Recorded information: Begin

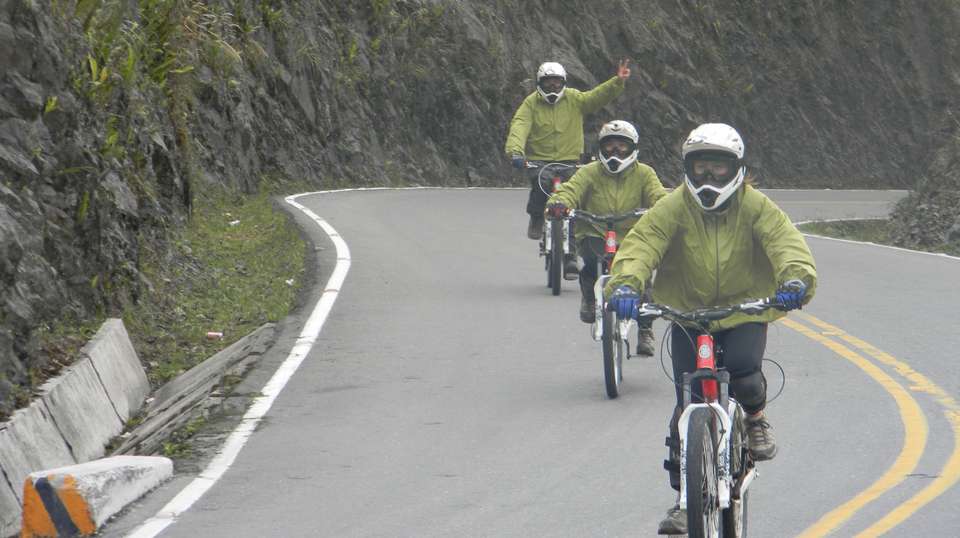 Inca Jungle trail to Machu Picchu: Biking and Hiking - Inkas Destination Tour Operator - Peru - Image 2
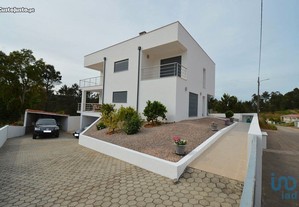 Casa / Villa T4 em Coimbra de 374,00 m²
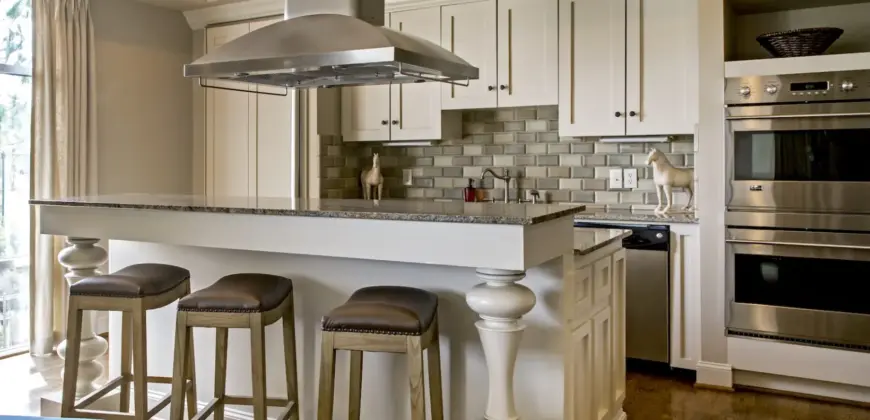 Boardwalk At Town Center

Recorded information: End

## Problem statement
Print the material in full and exactly, minus the pictures.

## Solution for this exercise
 Inca Jungle trail to Machu Picchu: Biking and Hiking - Inkas Destination Tour Operator - Peru - Image 2
 Casa / Villa T4 em Coimbra de 374,00 m²
 Boardwalk At Town Center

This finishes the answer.